[Courts and Criminals by Arthur Train]@TWC D-Link bookCourts and Criminals CHAPTER X 11/21
Let us go even further and assume that they have generated a reasonable doubt in the mind of the jury as to the defendant's responsibility at the time he committed the offence.
What generally occurs? Not, as one would suppose, an acquittal, but, in nine cases out of ten, a conviction in a lower degree. The only usual result of an honest claim of irresponsibility on the ground of insanity is to lead the jury to reduce the grade of the offence from murder in the first, entailing the death penalty, to murder in the second degree.

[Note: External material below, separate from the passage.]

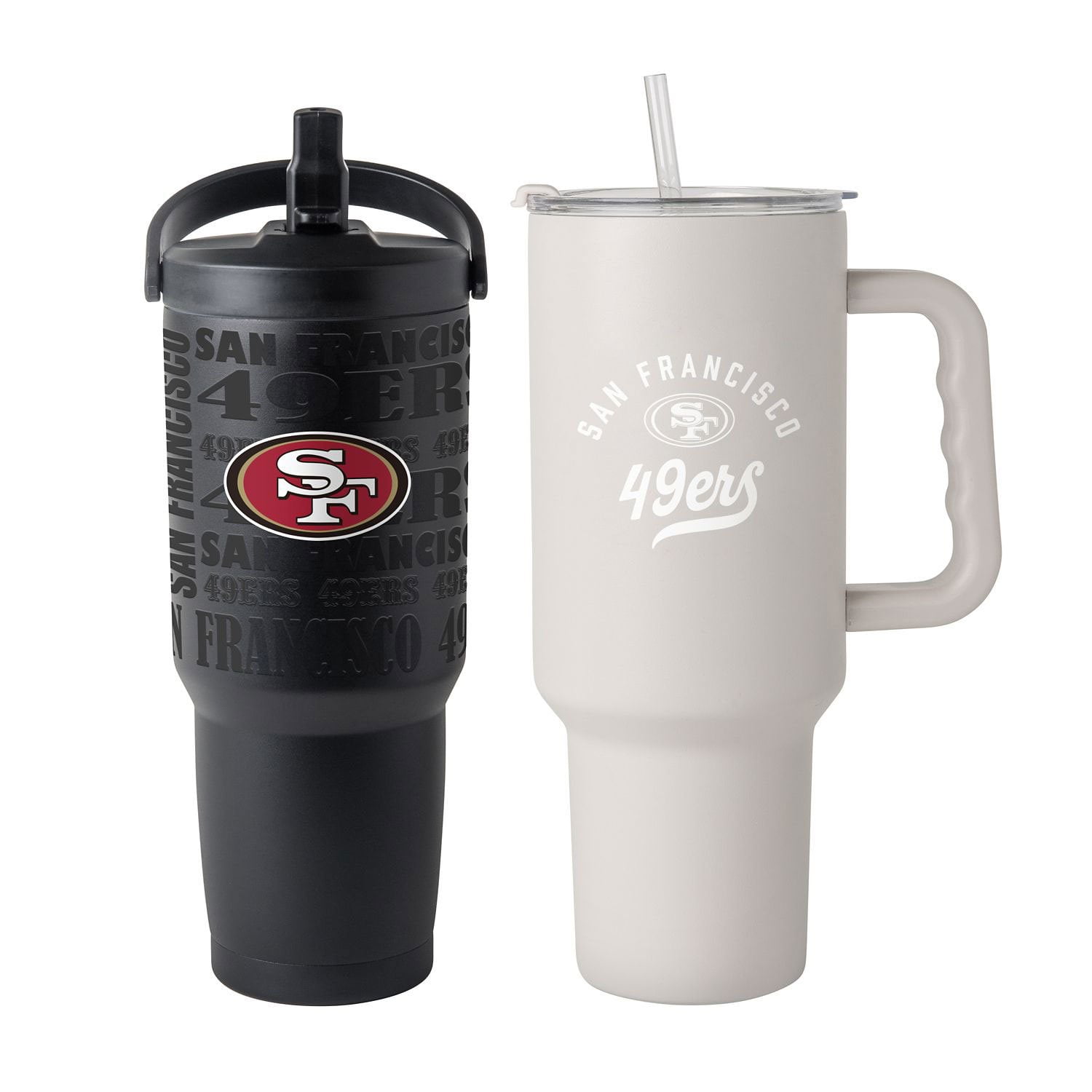 Logo Brands Tumbler - Thumbnail 5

The jury have no intention of "taking the chance" involved in turning the man loose on the community and their minds are filled with the predominating fact that a human being has been killed. They have an idea that it is as easy to get "sworn out" of a lunatic asylum as they suppose it is to get "sworn into" one, and they know that if the prisoner is found to be insane when sent to State's prison he will be transferred elsewhere.
They, therefore, as a rule, waste little time upon the question of how far the defendant was irresponsible within the legal definition when he committed the deed, but convict him "on general principles," trusting the prison officials to remedy any possible injustice.
The jury in such cases ignore the law and decline either to acquit or to convict in accordance with the test.